Licensing options for this format begin with FME Desktop Professional Edition.

The Epic Game Unreal Datasmith (UDATASMITH) writer provides FME with write access to data in the Unreal Datasmith format. The Datasmith version created by FME is supported in Unreal Studio version 4.21 and higher.

Overview

Epic Games Unreal Datasmith (.udatasmith) is a file standard that is used to import 3D scenes into Unreal Engine projects. Datasmith folders contain Assets such as meshes and textures. These Assets are used to create a .udatasmith file, which contains a scene hierarchy of Unreal Engine Actors (instances). Multiple Actors can be associated with the same Assets, and each Actor can also contain a set of metadata keys and values.
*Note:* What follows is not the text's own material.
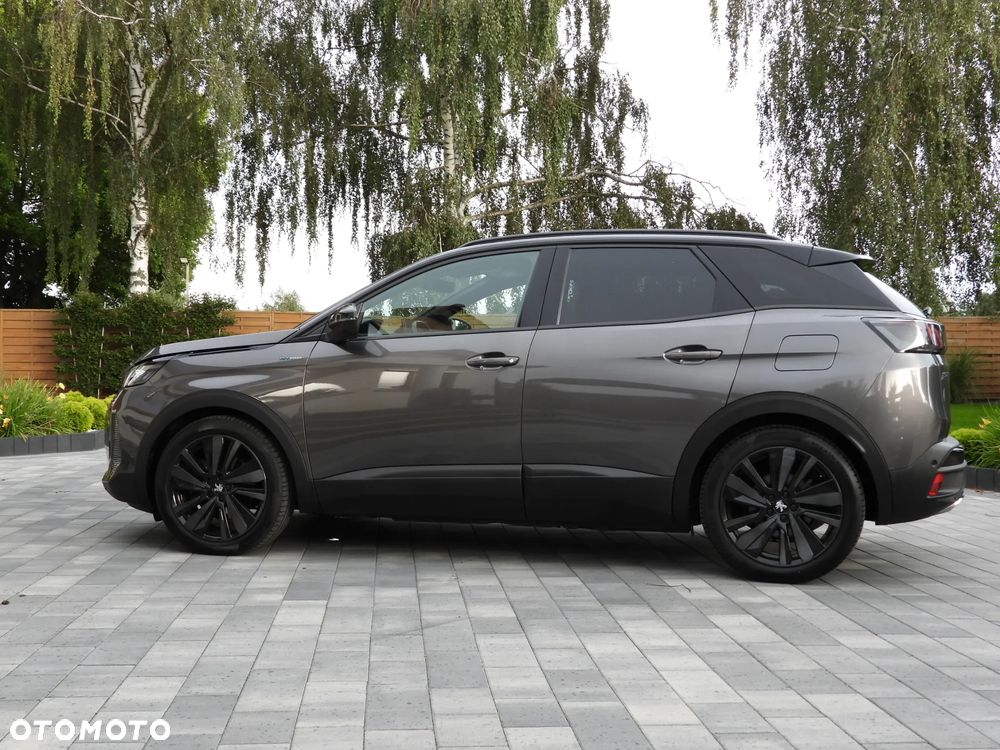 Peugeot 3008 225 e-EAT8 GT Pack - 11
UDATASMITH files are organized in a hierarchical structure:

Term

FME Representation

Description

Scene

Writer Dataset

A file that contains a group of Assets and Actors.

Layer

Feature Type

A group of related Actors in a Scene.

Actor

Geometry Instance

An instance of a game object, which may contain other Actors. An Actor usually references one or more Assets.

Asset

Appearance, Texture, Raster, or Geometry Definition

A file that contains data used to render once ore more Actors in a Scene.

Property

Attribute or Trait

A key and value in an Actor's metadata dictionary.
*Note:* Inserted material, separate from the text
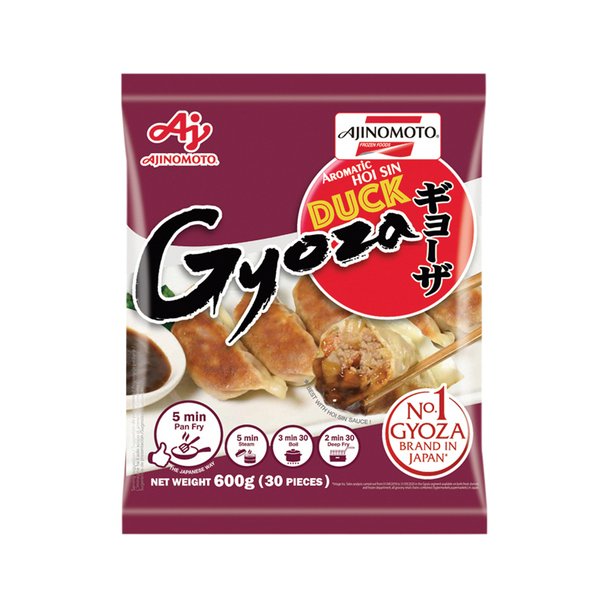 Gyoza Duck (Ajinomoto) - 600gr.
The UDATASMITH writer dataset is a folder where FME will write asset files and a scene file. Each FME Feature Type will be represented as a Layer in the scene. For each geometry on an FME feature, the writer will create an Actor in the scene. If the geometry can be represented as a surface, then the writer will create an associated mesh asset. If the geometry has one or more appearances, then the writer will create associated material and texture assets. Feature attributes and geometry traits are written as a metadata dictionary attached to each Actor.

Note: The UDATASMITH format is limited to 32-bit precision for its coordinates and, as a result, translations involving a greater level of precision (that is, using world coordinates instead of local coordinates) may produce UDATASMITH data where different coordinates are collapsed into a single coordinate. You can resolve this issue by offsetting the x,y,z coordinates such that the model's origin is moved to (0,0,0) or another point close to this, which has the effect of moving the model into a local coordinate system.